RAMASELA GANDA: Yes, I am. Just maybe to put it on record, we had a 530-odd fleet that was with the city, but it was really the end of the contract. And how the business works, at the end of each contract, because it’s a lease agreement, you collect the fleet, you inspect it, you [inaudible] it and, as we’ve indicated, we also sell it in our car [sales] side. So there was nothing untoward with regard to us collecting our fleet. It was just the normal process of the end of contract.

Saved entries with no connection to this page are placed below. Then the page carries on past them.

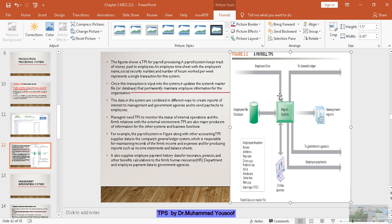You have to understand one thing about the transaction processing system — any process that is routine is a transaction. Paying salary every month is a routine process; it happens every month. Every employee getting a salary is a transaction. This transaction happens with the help of an information system generating the report, stored in the system, with reports generated automatically — there is no need for manipulation or decision making. This is the idea of a transaction processing system. In the next lecture we will see another information system. Thank you very much.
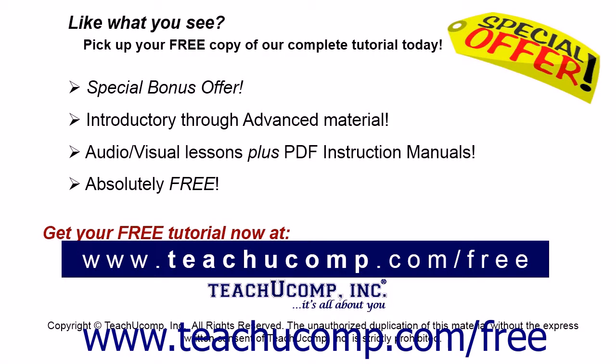Like what you see? Pick up your free copy of the complete tutorial at www.teachucomp.com/free.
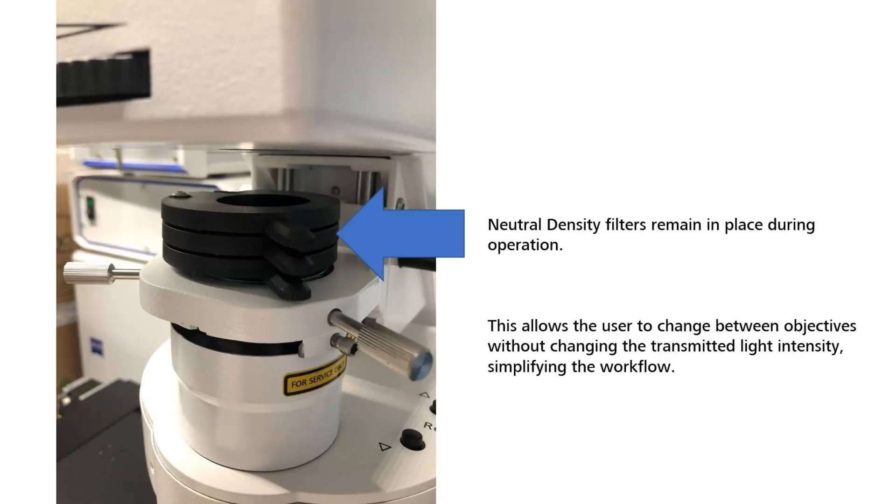With the hardware powered on, find the RoboSoftware icon on the desktop of the acquisition PC and start the software. The hardware will initialize during which time the motorized stage will move to the extreme upper left and then return to the center position.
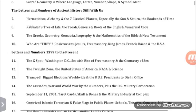The G-Spot, Washington D.C., Scottish Rite of Freemasonry, and the Geometry of Sex. The Twilight Zone — the United States of America, NASA, and Science. Trumped, rigged elections worldwide, and the eight U.S. Presidents to die in office. The Crusades, War, and World War by the numbers, plus the U.S. Military Corporation. September 11, 2001, Tarot cards, Skull and Bones, and the Military Industrial Complex.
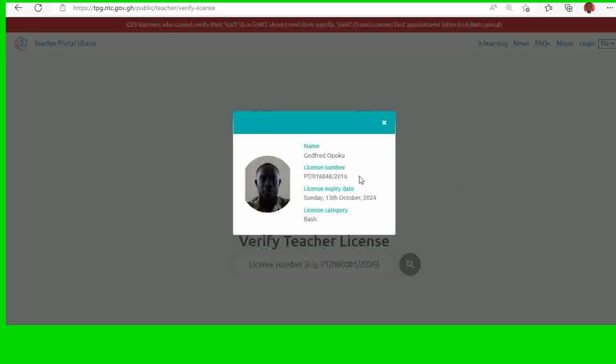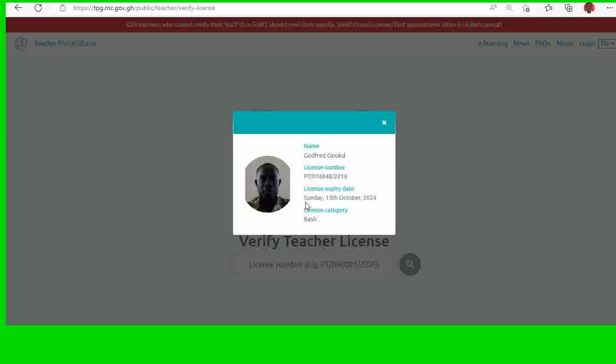So that's it. The name got Fedopoku, license number, that's the license number. And the expiry date is Sunday 13th October 2024. And the license category. So this shows that that particular person's license is active.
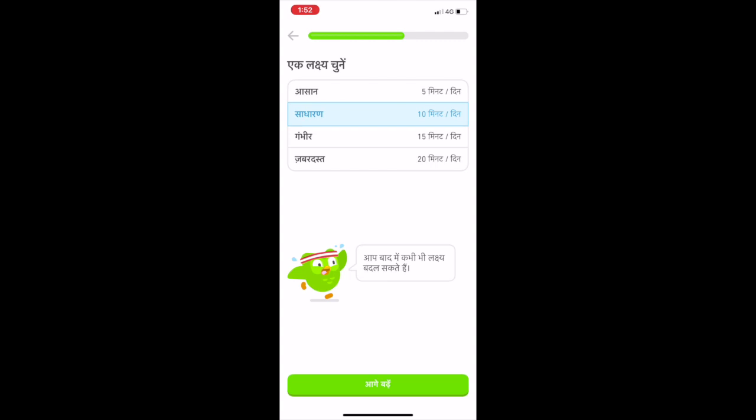You can change this option at any time. You can try selecting the 10 minutes a day option. You can ask your students as well to select 10 minutes or 5 minutes a day, and then press the next button.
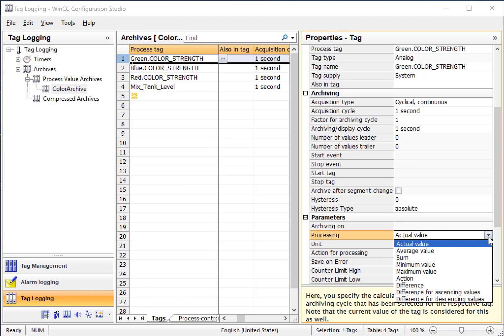We can actually do averages, sums, mins, and max, where it would make sense that the acquisition cycle and the archiving cycle were different.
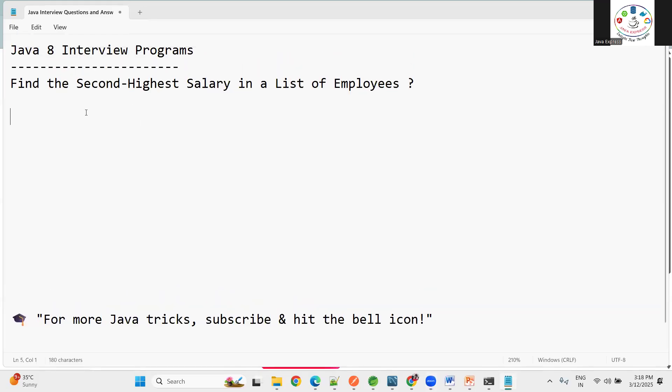Hi everyone, welcome back to Java Express Academy. Today we are going to discuss another problem statement in Java 8 interview questions: coding problems and solutions.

Unfortunately for the City of Johannesburg, they have not appointed the replacement and that was bit disruptive on their side. But from a contextual point of view, we were doing exactly what we normally do with any other – whether private or public – company. The public [sector] company is an important part of our ecosystem as a country, and where there is a need then we’ll look at it. But in general we treat every contract the same and we do [not handle them] in any way different from any other end of contract. And that’s basically what we do – and that’s what we did.
FIFI PETERS: Ma’am, a parting shot. On listing day, if everything goes according to plan, the general public will be able to buy shares of Zeda on the JSE, particularly those retail investors who like to do a little bit of their own portfolio management on the various applications where you can buy and sell your own shares. So why should they consider investing in you? What are you bringing to their table?
RAMASELA GANDA: Firstly, our portfolios have indicated that […] the asset that we have now is unique. We are sector-leading, delivering a 32.7% upper return on equity [which] you would struggle to find in a similar area – any company that can give you this level of return on equity.
One thing about our business when you look at short-term car rental, we keep our cars for 12 months. So we generate cash in this business because in every 12-month cycle we buy, we utilise through short-term car rental, and based on the kilometres there it can even be out [for sale on the used vehicle market]. We generate cash. So we are able to reimburse our cash efficiently back into our business and allow ourselves for growth. So we are investing in a company that does generate cash on short-term rental. Obviously in the leasing business, long lead times go into that cycle. But more importantly you will get a decent return on equity.
We are a well-run business. We hold ourselves to high standards of governance; that’s why everything that we do, and any investor will really benefit from the appreciation out of this valuation.
FIFI PETERS: All right, we’ll see then. Ramasela Ganda, the CEO of Zeda, was just talking to us about the upcoming listing of the company on the JSE’s main board next month.